* _Activity_
Could you restate, exactly and with nothing added, the lines from the start of the data through the line that holds "Guys, in this", leaving the pictures out?

Records from a collection:
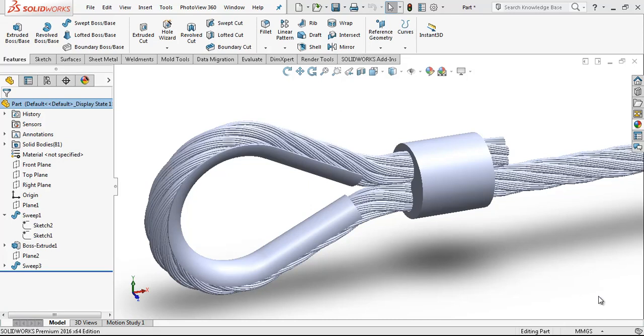Hello everyone. Welcome to my video. In this video we are going to be modeling this wire rope.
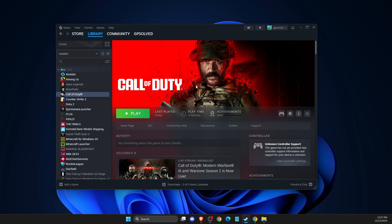Guys, in this video I will show you how you can fix Call of Duty MW3 not launching on Steam. If you press the play button, it will not appear. So the game will not launch.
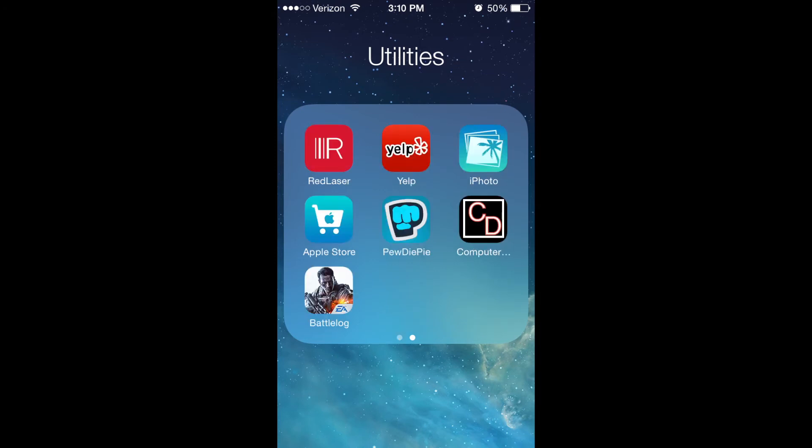On the second page, we have the red laser that's again for shopping, Yelp to go with maps, iPhoto for some photo editing, and we have PewDiePie and Battlelog. I really love PewDiePie and I play a lot of Battlefield. And then the computer drop, if you want to know more about that, there will be a video about that soon.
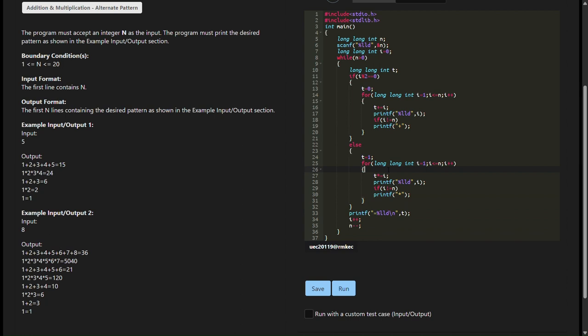Long long int t declares a variable t of type long long int, which will be used to store the result of either addition or multiplication. If i percent 2 equals 0 checks if the value of i is even.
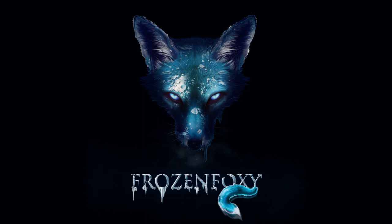Hello everyone and welcome to another tutorial with FrozenFoxy. Today we will be learning how to create thumbnails with incrementing numbers very quickly.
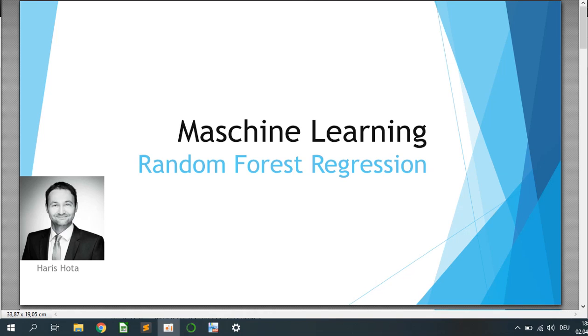Hello world and welcome to another machine learning tutorial. Today we will cover the topic Random Forest Regressor. My name is Harris and let's get started.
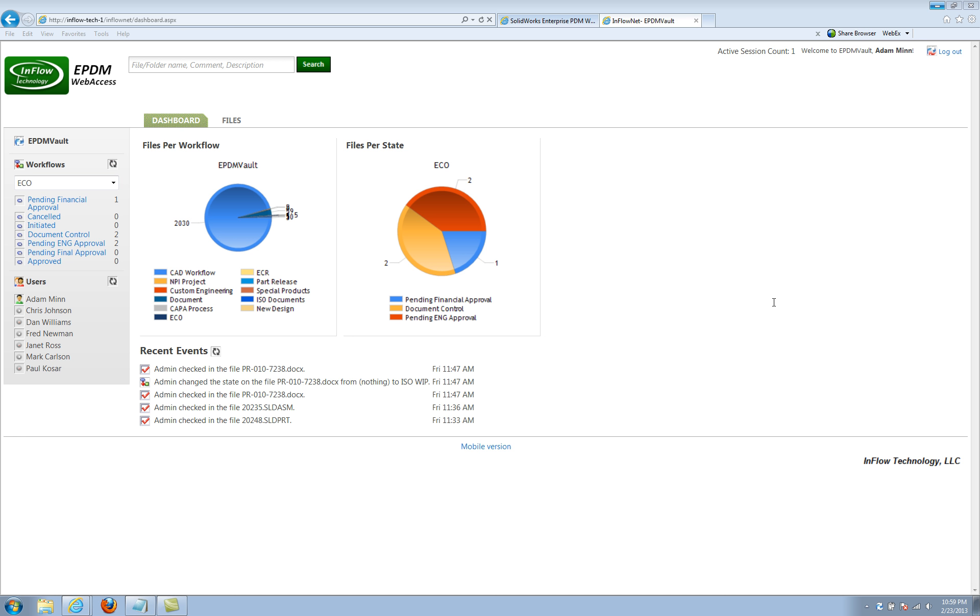For those who have watched our videos in the past or tuned into our blog, you have noticed that over the summertime, we released the Inflow ePDM Web Access Tool, a web interface or web connection to the Enterprise PDM Vault. This particular web application is browser independent and allows users to navigate the Enterprise PDM Vault either as viewers or as contributors to access the data in their vault from the browser.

* _Answer for the task_
Hello everyone. Welcome to my video. In this video we are going to be modeling this wire rope.
Guys, in this video I will show you how you can fix Call of Duty MW3 not launching on Steam. If you press the play button, it will not appear. So the game will not launch.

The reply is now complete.